Missing values per column:


date                  0
AWND                 15
PRCP                  0
TMAX                  0
TMIN                  0
daily_consumption     0
dtype: int64

In [9]:
# ============================================================
# Utility functions
# ============================================================

TARGET_COL = "daily_consumption"

def prepare_xy(df_in, target_col=TARGET_COL):
    """Drop missing rows, split into X and y."""
    df_clean = df_in.dropna().copy()
    X = df_clean.drop(columns=[target_col, "date"])
    y = df_clean[target_col]
    return X, y

def split_data(X, y, test_size=0.30, random_state=42):
    """70/30 random train-test split."""
    return train_test_split(X, y, test_size=test_size, random_state=random_state)

def compute_metrics(y_true, y_pred):
    """Return MSE, MAE, R^2."""
    return {
        "MSE": mean_squared_error(y_true, y_pred),
        "MAE": mean_absolute_error(y_true, y_pred),
        "R^2": r2_score(y_true, y_pred),
    }

def run_models_and_evaluate(df_in, degrees=(1, 2, 3, 4),
                            target_col=TARGET_COL, test_size=0.30, random_state=42):
    """Train/evaluate linear (deg=1) + polynomial regression models.

    Returns a DataFrame of metrics.
    Also prints fitted equations and scatter plots (test set) for each model.
    """
    X, y = prepare_xy(df_in, target_col=target_col)
    X_train, X_test, y_train, y_test = split_data(X, y, test_size=test_size, random_state=random_state)

    rows = []

    for deg in degrees:
        if deg == 1:
            model = LinearRegression()
            model_name = "Linear Regression"
        else:
            model = Pipeline([
                ("poly", PolynomialFeatures(degree=deg, include_bias=False)),
                ("lr", LinearRegression())
            ])
            model_name = f"Polynomial Regression (degree={deg})"

        # Fit model
        model.fit(X_train, y_train)

        # Predict
        yhat_train = model.predict(X_train)
        yhat_test  = model.predict(X_test)

        # Metrics
        train_m = compute_metrics(y_train, yhat_train)
        test_m  = compute_metrics(y_test, yhat_test)

        rows.append({
            "Model": model_name,
            "Train MSE": train_m["MSE"],
            "Train MAE": train_m["MAE"],
            "Train R^2": train_m["R^2"],
            "Test MSE": test_m["MSE"],
            "Test MAE": test_m["MAE"],
            "Test R^2": test_m["R^2"],
        })

    return pd.DataFrame(rows)

results = run_models_and_evaluate(df)

display(results)


Unnamed: 0,Model,Train MSE,Train MAE,Train R^2,Test MSE,Test MAE,Test R^2
0,Linear Regression,272403.396174,384.465016,0.276,248125.8,375.404537,0.299333
1,Polynomial Regression (degree=2),264765.769932,379.648753,0.2963,255268.5,379.039083,0.279163
2,Polynomial Regression (degree=3),259249.53487,375.952901,0.310961,265623.7,385.235167,0.249922
3,Polynomial Regression (degree=4),251909.339001,372.116566,0.33047,12151490.0,578.642201,-33.313844


### 2.5 Dicussion and interpretation

The linear regression model performed the best on the test set because it achieved the lowest test MSE and MAE and the highest $R^2$ indicating the best generalization performance on unseen data.

The polynomial models do not improve the fit compared to linear regression.
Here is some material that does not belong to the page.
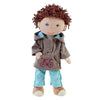 HABA Lian 12" Soft Boy Doll, Brown Hair, Blue Eyes, Embroidered Face, Machine Washable, Polyester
We see that in each degree increase, test MSE and MAE both got higher and $R^2$ got lower. Electricity consumption can have nonlinear dependence on weather (e.g., heating/cooling thresholds), but the available features and data volume here are not sufficient for higher-degree polynomials to reliably learn those patterns.

Higher degree models perform worse because of overfitting. For degree 4, training MSE decreases and test MSE increases but $R^2$ becomes strongly negative. This shows the model is fitting noise in the training data rather than learning generalizable structure.

None of the models achieve good test performance. One reason is insufficient feature information. Electricity usage depends heavily on factors not included here, such as occupancy, building characteristics, and appliance usage. Weather alone cannot fully explain consumption. The other reason is high noise. The low test $R^2$ indicate that a large portion of variance is unexplained. For example, seasonal effects, holidays, and human behavior introduce variability that these models cannot capture.